The debate about what Shakespeare looked like has taken a new turn with the discovery of a new portrait by Cobbe. This is one of those things about the Bard that will probably never be resolved. There are some who insist on the Sanders Portrait, but there are quite a few problems with that. The most serious is that the picture was painted when Shakespeare was almost forty but it’s an image of a much younger man.
The latest candidate is more credible. It is the Cobbe portrait, which has been in the Cobbe family since it was part of a marriage settlement when a member of the family married a great-granddaughter of Henry Wriothesley, the 3rd Earl of Southampton, who was Shakespeare’s patron. He was believed to have commissioned the portrait by an artist whose identity has, sadly, been lost.

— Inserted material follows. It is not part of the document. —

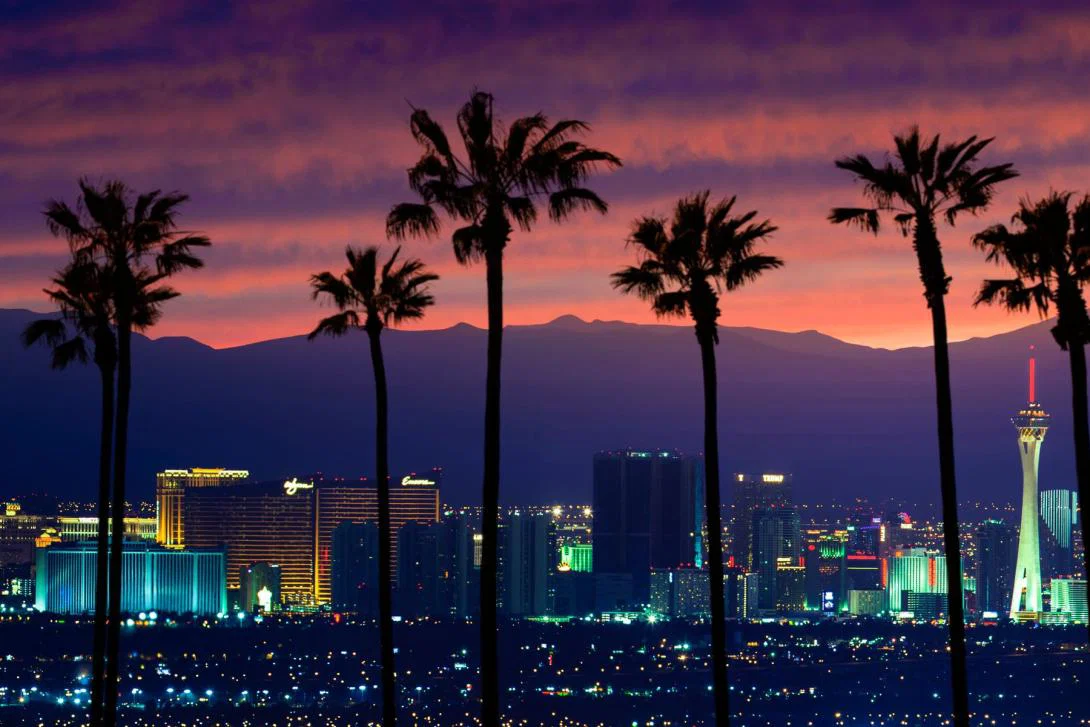 The Las Vegas skyline at night with palm trees in the foreground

It’s an exciting discovery because it has that direct link with Shakespeare’s friend and patron – the young man of the sonnets. What’s more, the picture has been dated to about 1610, six years before Shakespeare’s death. Shakespeare would have been forty-six, a man in his prime and at the height of his fame and wealth. The portrait seems to show just such a man. As a successful businessman and playwright, already the equivalent of a modern-day millionaire, Shakespeare would have presented himself just like that. And it looks more like a successful forty-six year old than some of the other candidates.
We all have the same mental picture when we think about Shakespeare. It is an iconic picture – more like a logo or symbol than a picture of a living person. It’s an image of a high-domed, stern, wooden presence presented on a black and white woodcut. That’s the short-cut image that anyone wanting to refer us instantly to the Bard produces.
It’s the engraving by Martin Droeshout, an important portrait because Droeshout was 15 when Shakespeare died and 22 when he did the engraving. It’s unlikely that he ever saw Shakespeare but he is thought to have worked from an authentic portrait, which either hasn’t survived or hasn’t been identified. Scholars are getting excited now because a consensus seems to be growing that the Cobbe portrait is that painting.
The Cobbe portrait went on display at The Shakespeare Birthplace Trust in Stratford-Upon-Avon on 23rd April, Shakespeare’s birthday, and continues until 6th September, in the exhibition “Shakespeare Found: A Life Portrait.”